La llamaron la generación X. Quienes nacieron a caballo de los años setenta son los primeros hijos del bienestar. El mundo estaba a sus pies. Pocos conocieron la opulencia desde el principio, pero casi todos tuvieron, entre otras muchas certezas, la de ir a la Universidad. No les hacía falta salir del pueblo, porque eran urbanos. Fueron los primeros que intentaron aprender inglés y viajaron en low-cost, mientras pasaban sin darse ni cuenta de las máquinas de marcianos a internet. No vivieron el franquismo, que era cosa de sus padres y sus hermanos mayores. No tenían que liberarse de casi nada, salvo de sus propias ilusiones. Tenían todo lo necesario para imaginar un futuro sin conquistas ni límites. Y no había prisa por alcanzarlo. De ellos se decía que eran jóvenes sin ideales, que se negaban a crecer, pero no por pereza o falta de ambición. No tenían motivos para no darle tiempo al tiempo. Al cabo de pocos años los más afortunados habían dado el pelotazo. La verdad es que la inmensa mayoría no tuvo e sa suerte.
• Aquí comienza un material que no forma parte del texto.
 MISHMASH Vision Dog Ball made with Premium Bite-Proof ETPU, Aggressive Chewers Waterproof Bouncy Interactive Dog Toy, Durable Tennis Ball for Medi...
Porque eso era cosa de suerte. No contaban ni los méritos, ni el esfuerzo, ni la preparación, ni (sólo) los enchufes. Te podía tocar a ti o a tu vecino, si estabas en el momento justo en el lugar oportuno. Pero bastaba una pequeña diferencia de edad, o ser de esa clase de gente que se conforma con menos, para quedarte fuera. Se suponía que tarde o temprano volvería a pasar el tren. Las diferencias entre los que se habían montado y los que no, con el tiempo, son cada vez mayores. Nadie imaginó que la cosa iba a llegar tan lejos. Los descartados en la lotería de las oportunidades se convirtieron enseguida en gloriosos pioneros de muchas cosas. Para empezar, del mileurismo. Fueron enganchando contratos basura hasta que se hicieron autónomos, de esos que trabajan en sectores productivos externalizados, donde la competencia es despiadada y la inseguridad ley de vida. A punto de que se les pasara el arroz tuvieron un hijo, dos como mucho, pero seguían confiados. Por entonces alguien les había aconsejado que se hipotecaran. No se lo pensaron demasiado. Ahora les ha pillado la crisis y les quedan varias décadas por delante para seguir pagando. Ni siquiera saben a qué interés. Es verdad que de momento no están en paro, como sus sobrinos un poco más jóvenes, pero estos les llevan una buena ventaja, porque les queda tiempo para vivir de sus padres o del cuento. Pueden esperar a que escampe. No están hipotecados. No tienen críos. Sus vidas no están comprometidas. Eso de las pensiones les queda muy lejos. Por cierto, otro tema escabroso. Ya sabemos que no se van a prejubilar, pero ¿qué pensiones les quedarán a los eternos m uchachos de la generación X?